WORK TASK: The needed output is the run of lines below from the one containing "Plastic Sea fan Bundle" through the one containing "Tacstack Pistoolkoffer Zwart 32x22cm", copied exactly and free of pictures.

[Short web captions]
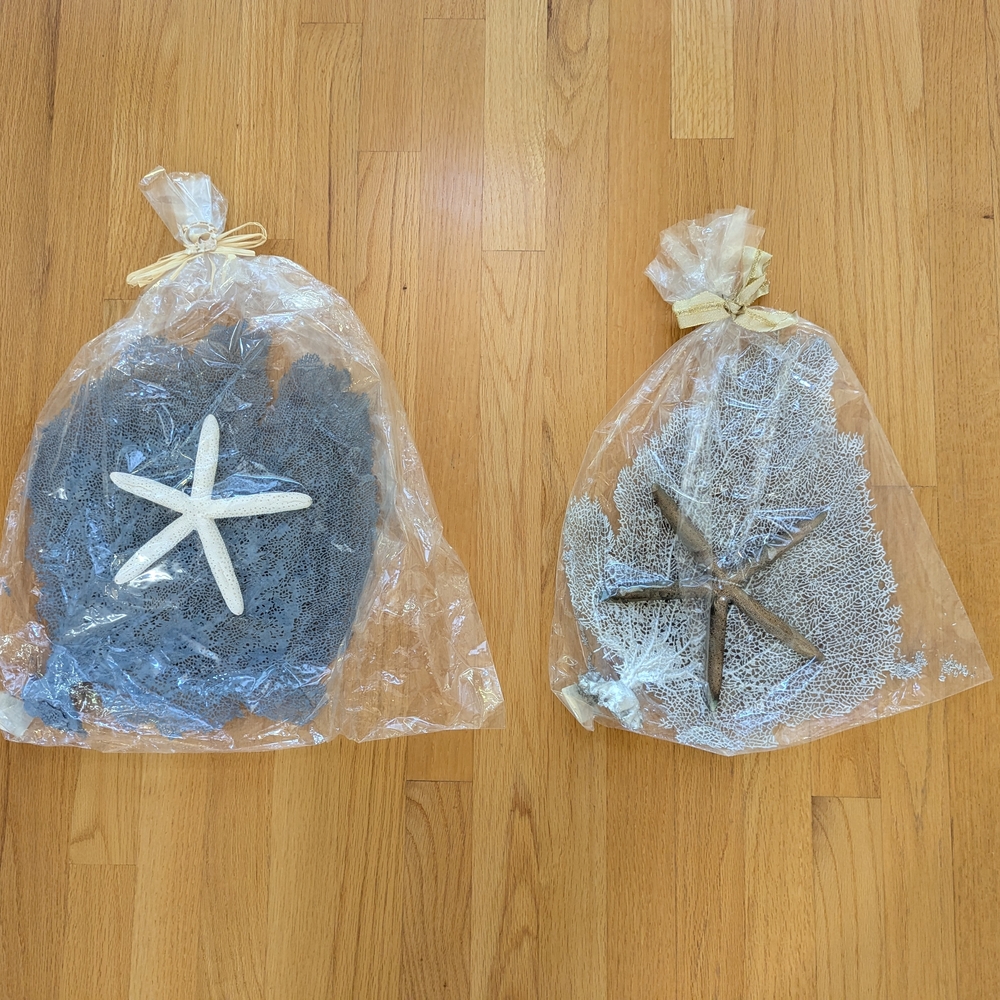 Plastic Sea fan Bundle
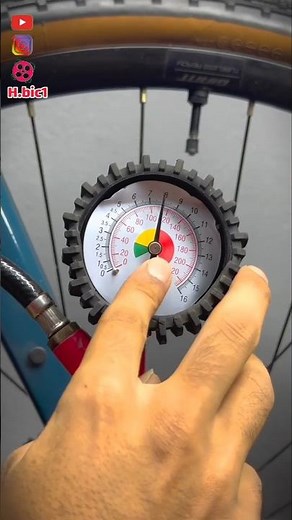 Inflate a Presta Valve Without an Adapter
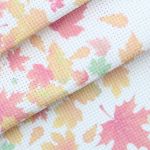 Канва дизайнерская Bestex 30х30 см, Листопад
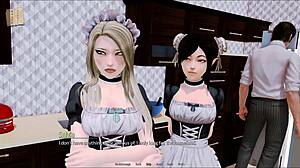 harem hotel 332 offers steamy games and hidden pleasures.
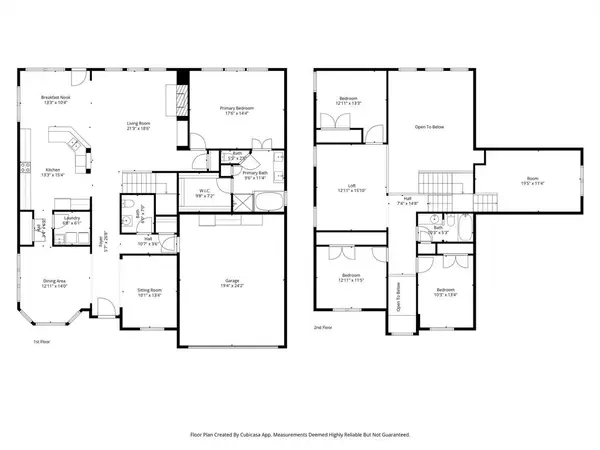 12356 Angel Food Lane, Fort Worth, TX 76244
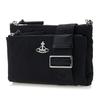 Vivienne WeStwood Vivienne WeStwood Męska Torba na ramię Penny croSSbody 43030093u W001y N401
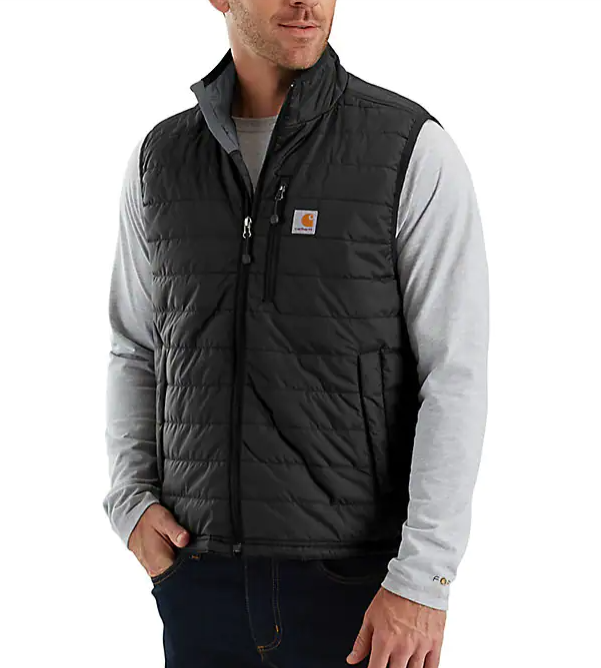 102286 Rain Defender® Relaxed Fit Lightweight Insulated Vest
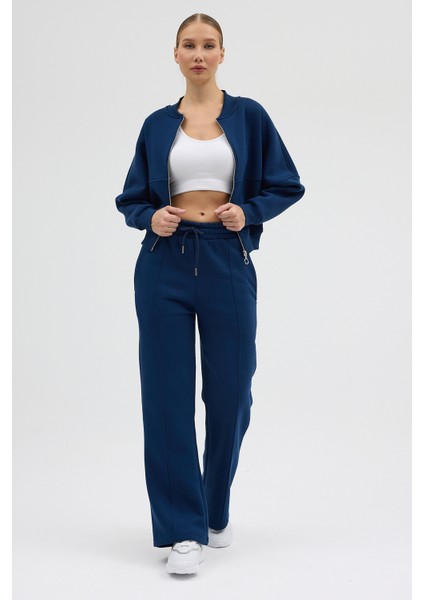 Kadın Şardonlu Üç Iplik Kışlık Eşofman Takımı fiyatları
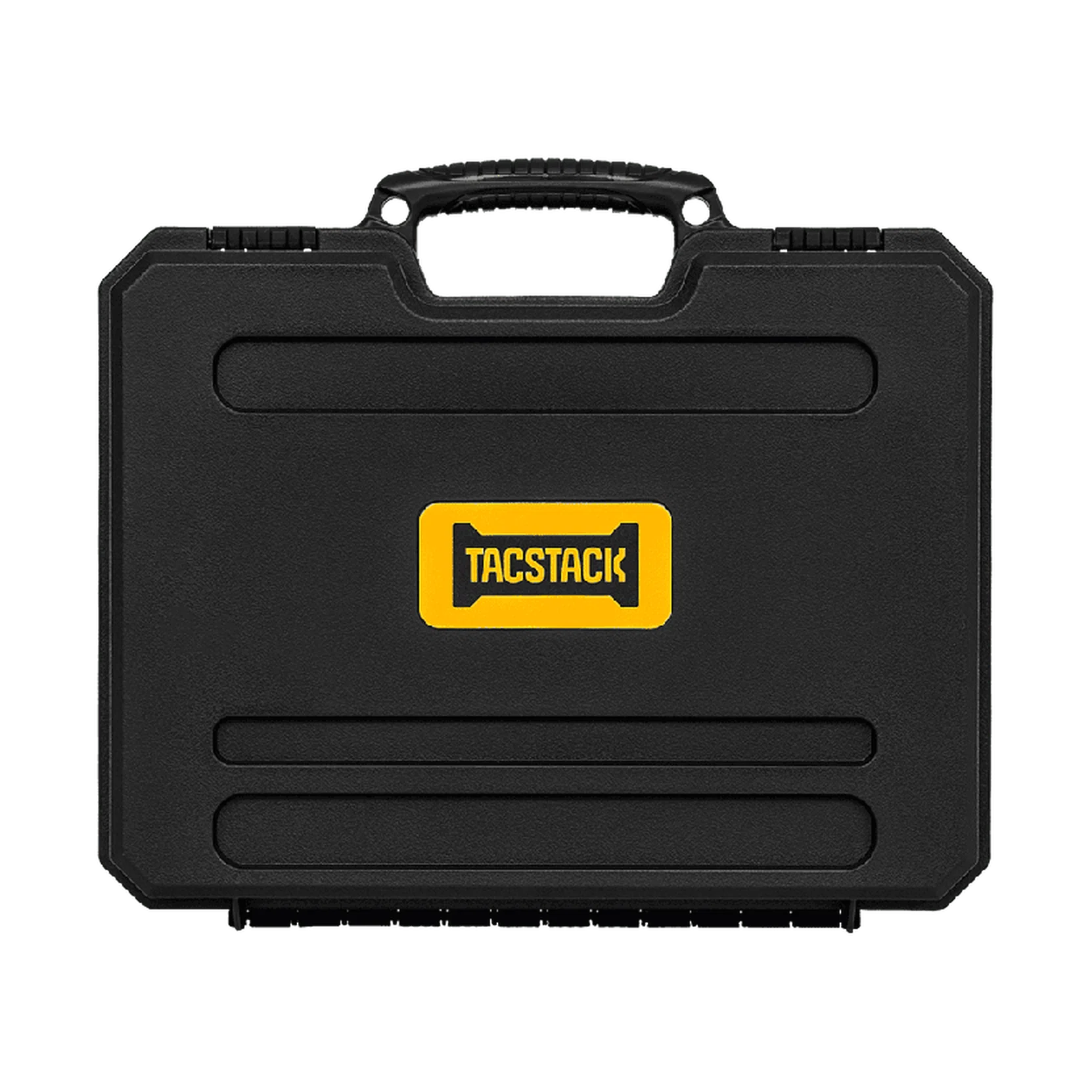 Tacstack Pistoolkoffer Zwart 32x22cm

---

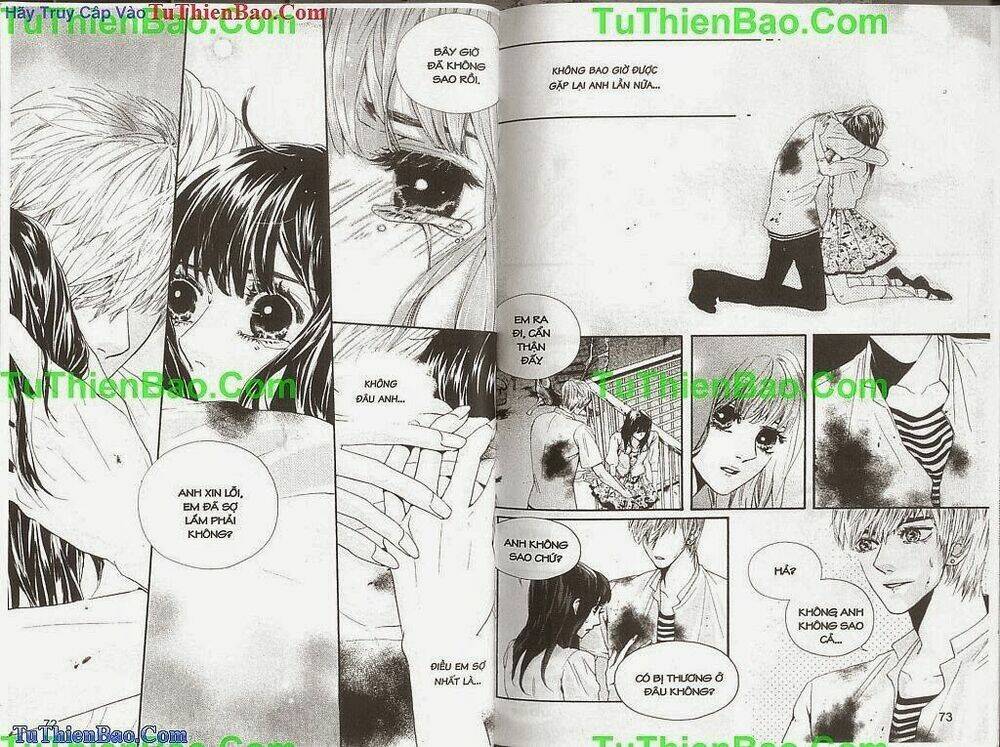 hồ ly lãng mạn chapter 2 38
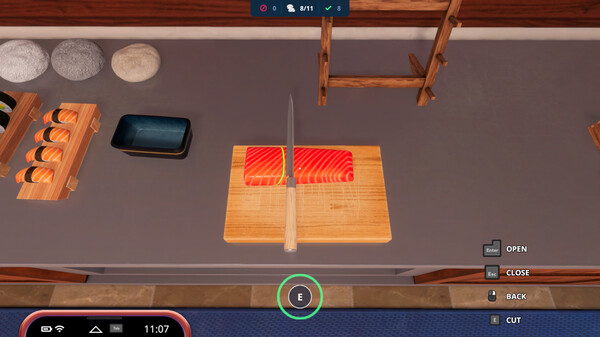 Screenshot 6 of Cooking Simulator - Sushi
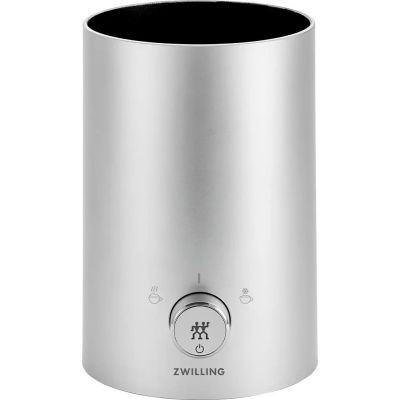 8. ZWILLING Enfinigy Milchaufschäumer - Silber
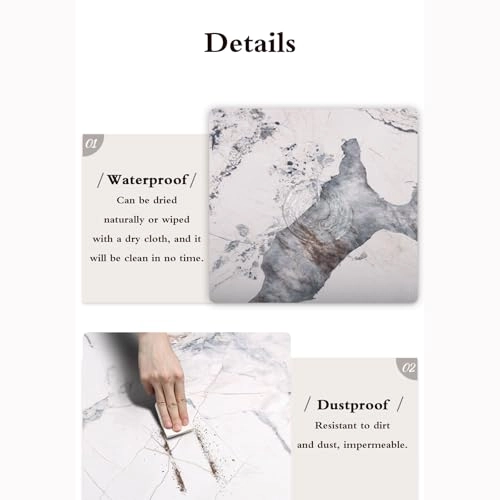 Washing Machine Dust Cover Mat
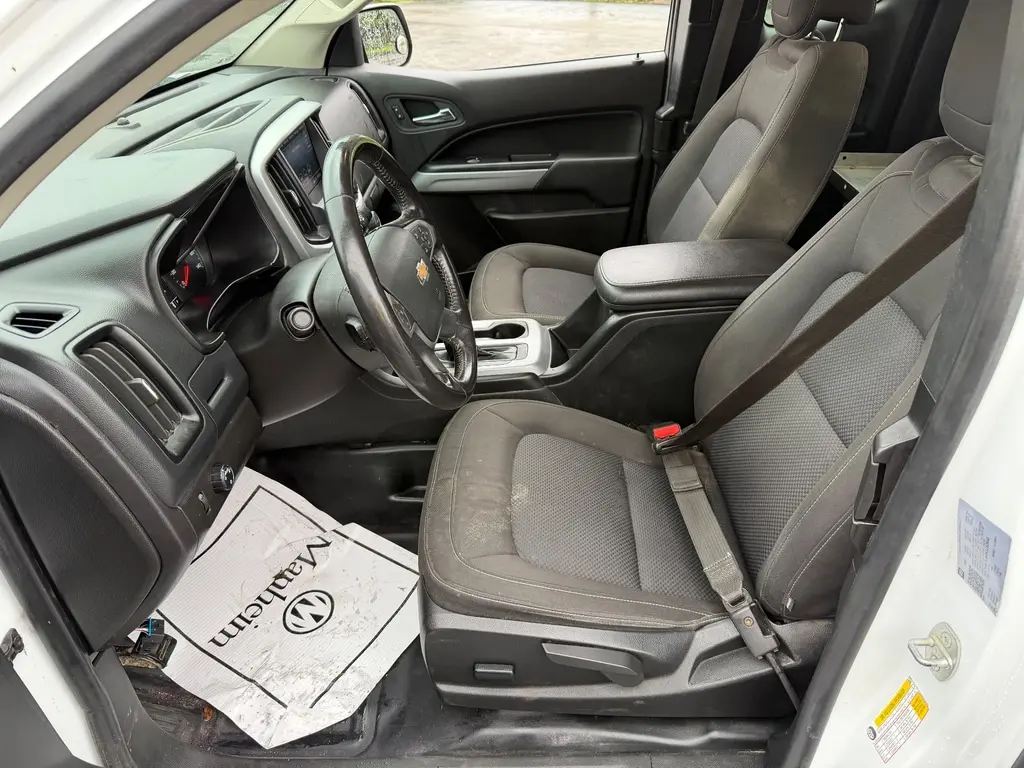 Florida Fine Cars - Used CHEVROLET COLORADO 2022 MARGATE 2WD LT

EXPECTED ANSWER:
 Plastic Sea fan Bundle
 Inflate a Presta Valve Without an Adapter
 Канва дизайнерская Bestex 30х30 см, Листопад
 harem hotel 332 offers steamy games and hidden pleasures.
 12356 Angel Food Lane, Fort Worth, TX 76244
 Vivienne WeStwood Vivienne WeStwood Męska Torba na ramię Penny croSSbody 43030093u W001y N401
 102286 Rain Defender® Relaxed Fit Lightweight Insulated Vest
 Kadın Şardonlu Üç Iplik Kışlık Eşofman Takımı fiyatları
 Tacstack Pistoolkoffer Zwart 32x22cm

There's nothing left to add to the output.